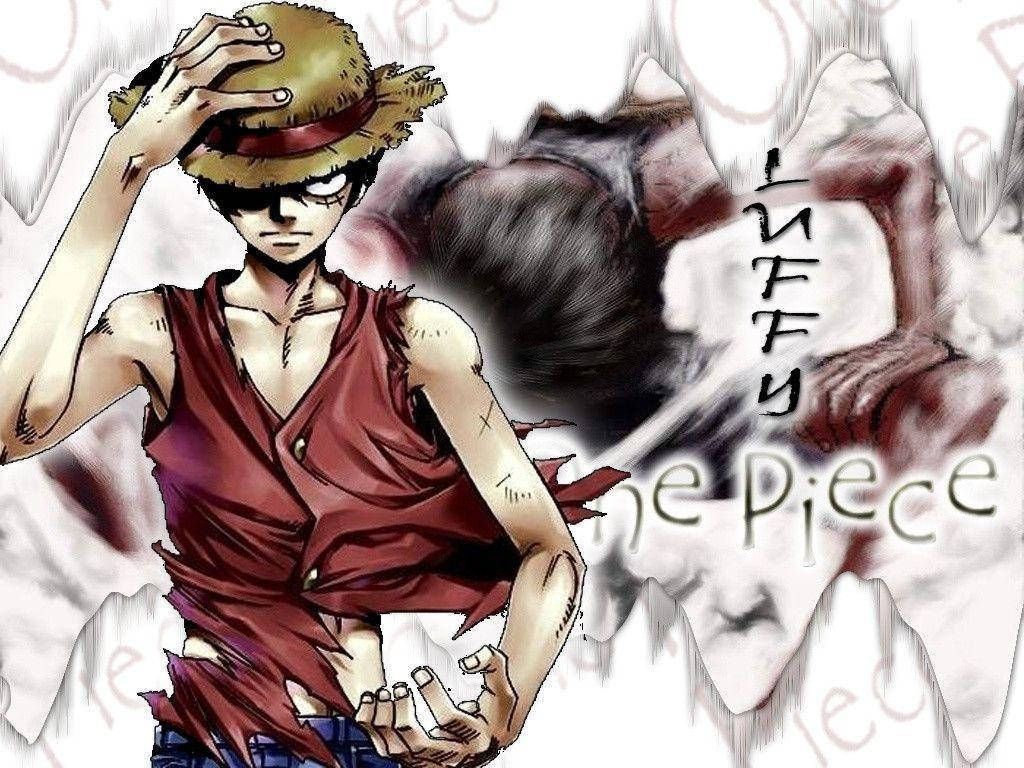 Luffy Hải Tặc One Piece Hình nền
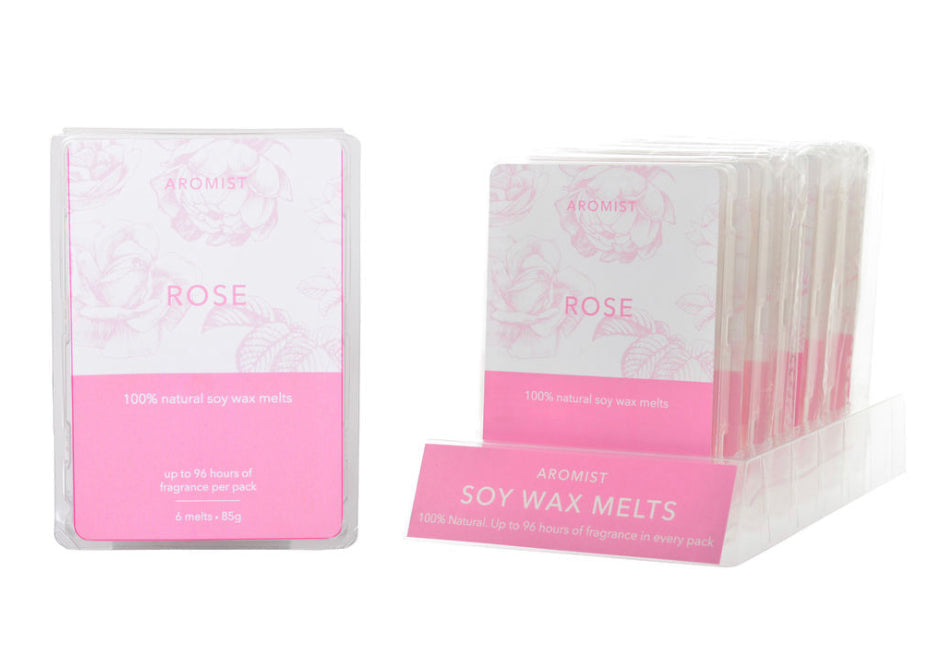 Aromist Wax Melts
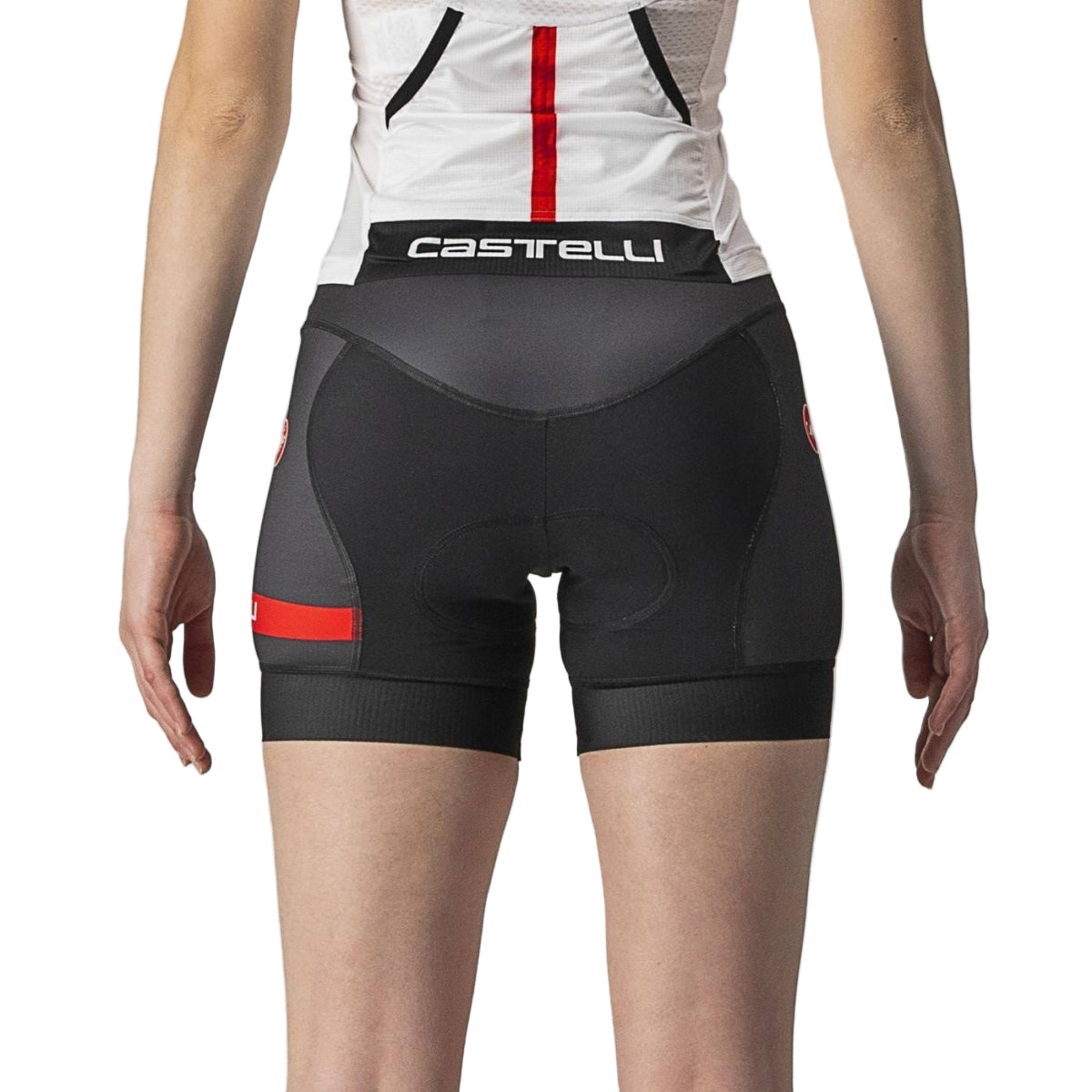 Castelli Women's Free 2 Short Triathlon Short
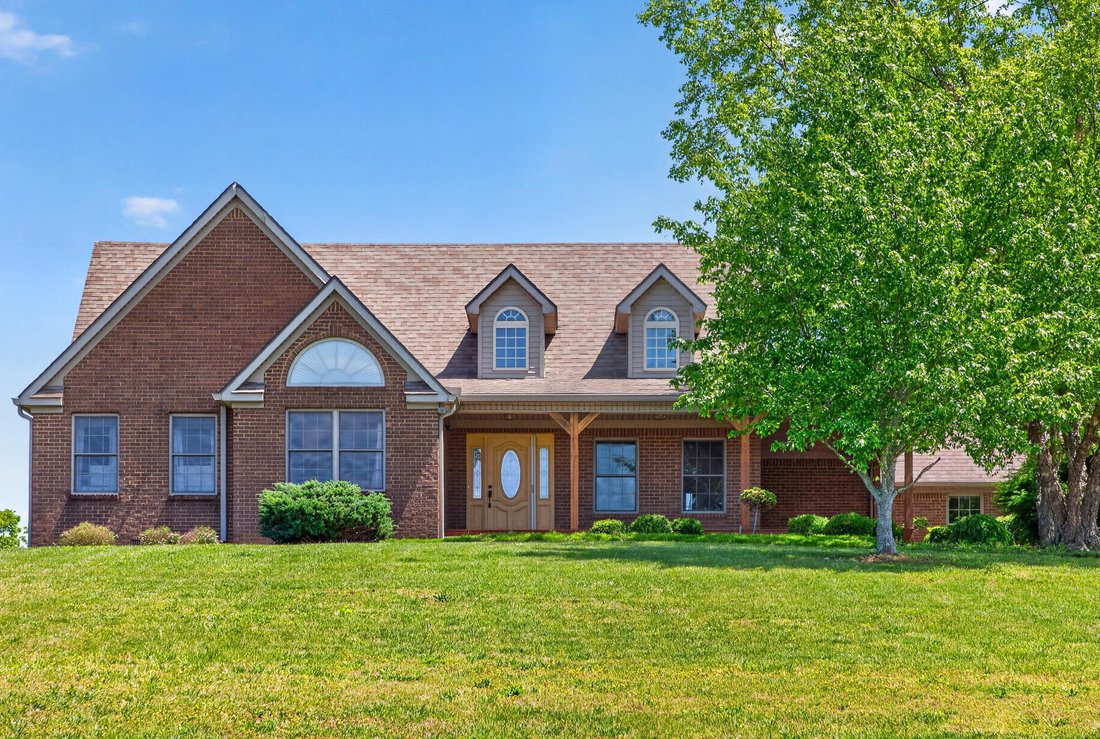 Haus in Lancaster, Kentucky, Vereinigte Staaten 1 - 18176983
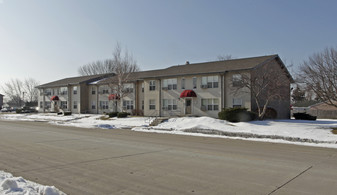 Northpoint Crossings Apartments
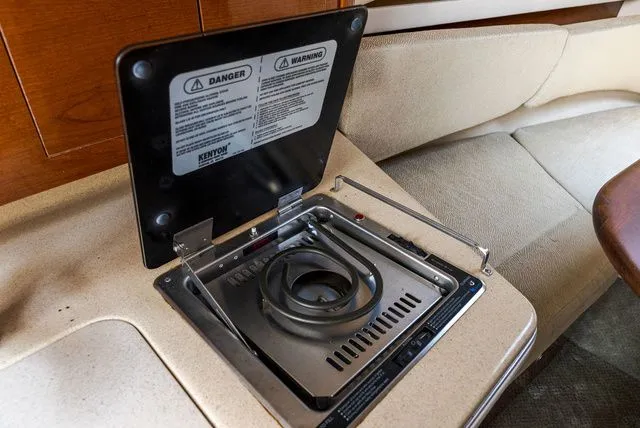 Slide: The Image of Sea Ray Sundancer 260 2008 - 22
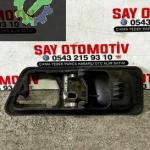 2017660264 MERCEDES W201 190E ARKA SAĞ İÇTEN AÇMA KAPI KOLU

_ _ _

EXERCISE INSTRUCTIONS
What you return should be only the exact lines from the top of the entries through the line with "Slide: The Image", minus the pictures.

RESPONSE TO THIS EXERCISE
 Luffy Hải Tặc One Piece Hình nền
 Aromist Wax Melts
 Castelli Women's Free 2 Short Triathlon Short
 Haus in Lancaster, Kentucky, Vereinigte Staaten 1 - 18176983
 Northpoint Crossings Apartments
 Slide: The Image of Sea Ray Sundancer 260 2008 - 22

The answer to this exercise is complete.